For quite a few years now the consensus of scientific belief was that the toxin made by Bacteria, BT toxin, was harmless to humans.  Well some other independent researchers went ahead and checked, and found that the stuff really does do damage to human cells.  Specifically neurotransmitters, cells lining the intestinal walls as well as the liver and kidneys.  That which is lacking in our world today, common sense, would have directed Monsanto and other Gene Tech companies to check this first before introducing this toxin into our food supply.  Except, it cost money to verify.  And it is a lot easier to make money, and down the road deny any research that shows such simple concepts to be detrimental to human anatomy.  So the University of Colorado researchers, who coincidentally receive most all of the agricultural department funding from Monsanto, interpreted the data a little differently.  Those Colorado scientists now tell us that those independent scientists didn't quite have the right stuff and looked at things incorrectly and that fear not, the BT toxin in most all GM crops is in fact harmless.

I don't know, there are tons of examples, from Hull approving the toxin Aspartame using a report that didn't show how dangerous it really is and completely ignoring the 90 reports that interpreted the opposite, Hull approved Aspartame and immediately went to work for the public relations firm of the company making that same Aspartame.  All the way to today's world where the FDA approves GM crops with no testing at all and using reports that interpret data from the manufacturer that are written by the same manufacturers.  It happens every day.  Science is not an exact science, it is open to interpretation.  Well arithmetic is pretty set, but once you introduce imaginary numbers and go into other theoretical forms of advanced math, it is interpretive.  And in theoretical math right along with all the other hokum sciences, I think that whoever signs the paychecks gets to decide what the interpretations are going to be.  

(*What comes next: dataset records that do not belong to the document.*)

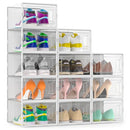 SECRET SPACE 12 PACK LARGE SHOE ORGANIZER STORAGE BOXES - WHITE - Brand New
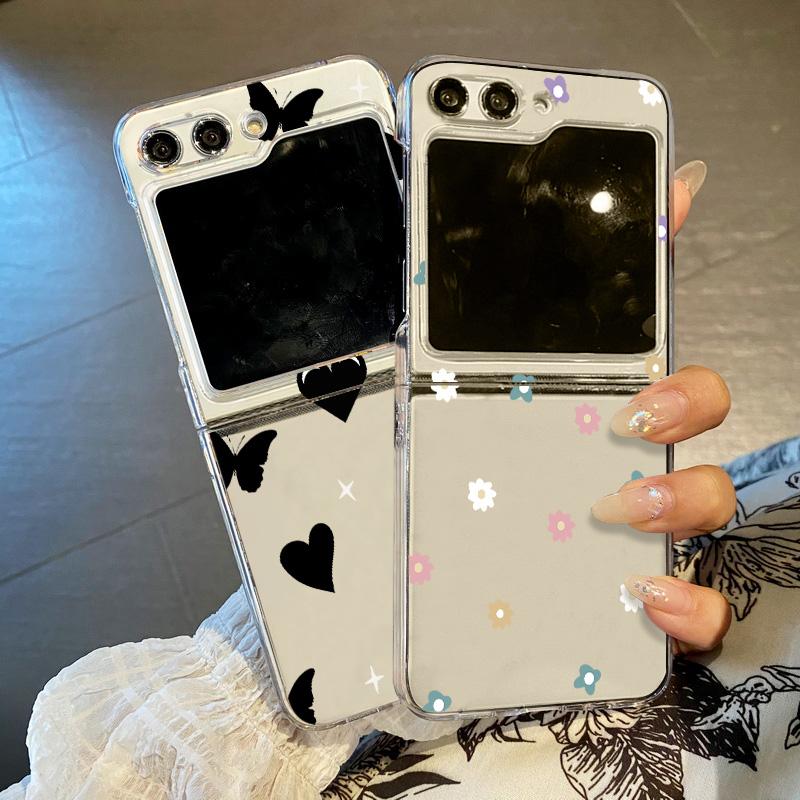 Little Love Heart Transparent Case For Samsung Galaxy Z Flip6 Flip5 Flip4 Folding Hard Phone Cover For Samsung Z Flip 6 5 4 3 5G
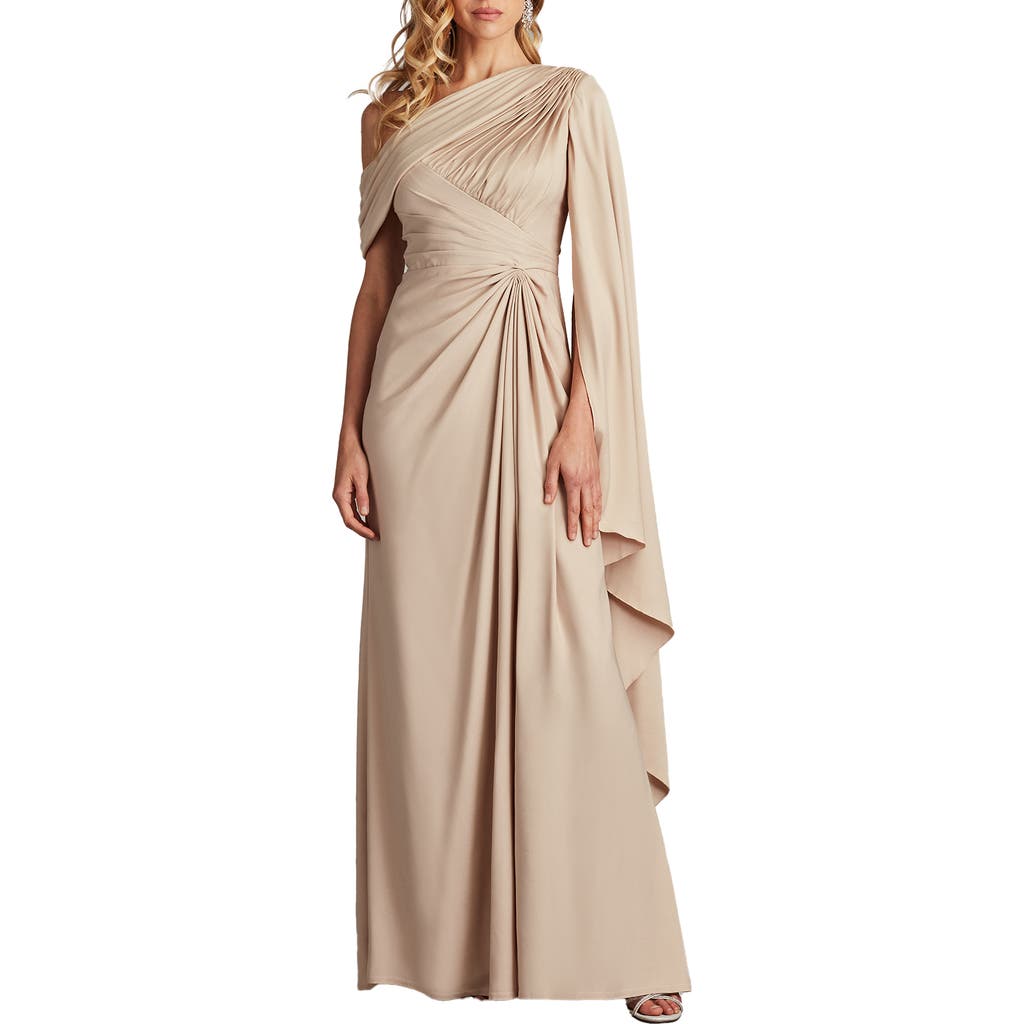 Tadashi Shoji Ember One-Shoulder Draped Gown in Champagne  product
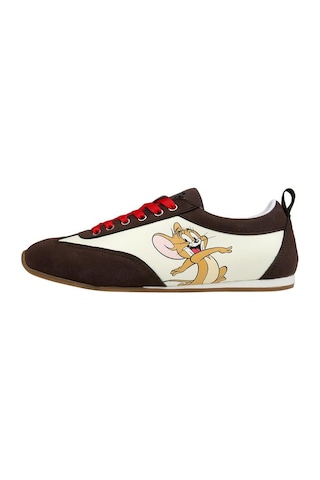 Kadın Vegan Deri Krem Sneakers - Warner Bros Looney Tunes Tom & Jerry Tasarım Çok Renkli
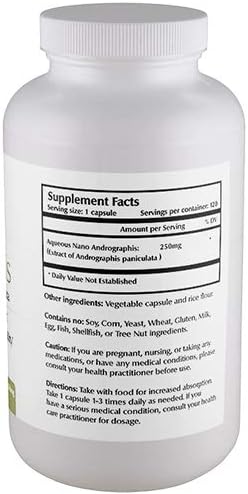 Nano Andrographis – Cápsulas vegetales de 500 mg (120 porciones), extracto de Andrographis paniculata, nano para absorción superior, apoya el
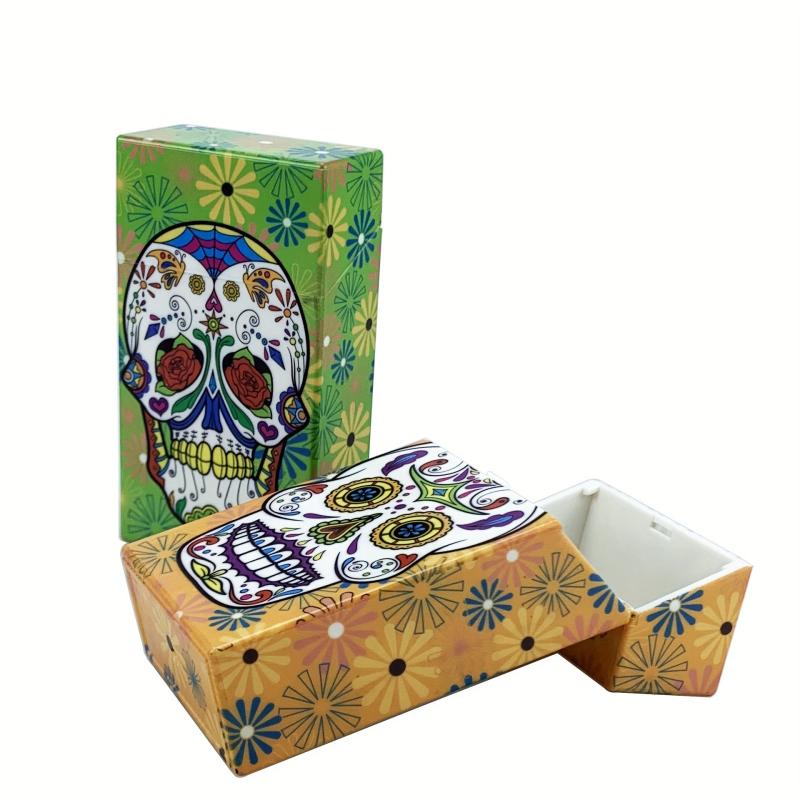 Skull Printed Acrylic Storage Case, Holds 20pcs, Anti-pressure, Waterproof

I started to write this because I read some stuff about good old Dr Weil, one of several "Doctors" that make buckets of money selling their own brands of supplements and health tonics and new ways of life.  You know, Mercola is another.  Anyway, these guys have a pretty big racket going, they have these huge websites and huge email lists and they basically send out info to people in an attempt to scare them into living a healthy life, that includes lots and lots of supplements, purchased from them.  But the big things that bug me about both of those guys is how they interpret science to suit their needs to sell their products.  My problem is their interpretation of what a healthy life means.  It is an interpretation of science to claim that all grains are bad for humans, that you should eat all of your eggs and meats raw and avoid all legumes, grains and milk.  That's one interpretation.  And a pretty weird one at that.  Of course if you ate a diet like that you would absolutely NEED a ton of supplements and health tonics, at high prices from the docs of interpretive sciences, Weil and Mercola.  Anyway, I don't know everything, but I do read, look, and think for myself.  I eat bread I bake from wheat I grind into flour, and don't eat meat.

Who's the millionaire, and who's the pauper.  Maybe I'm wrong after all. But then, I don't get paid to write conclusions that mean something that isn't true.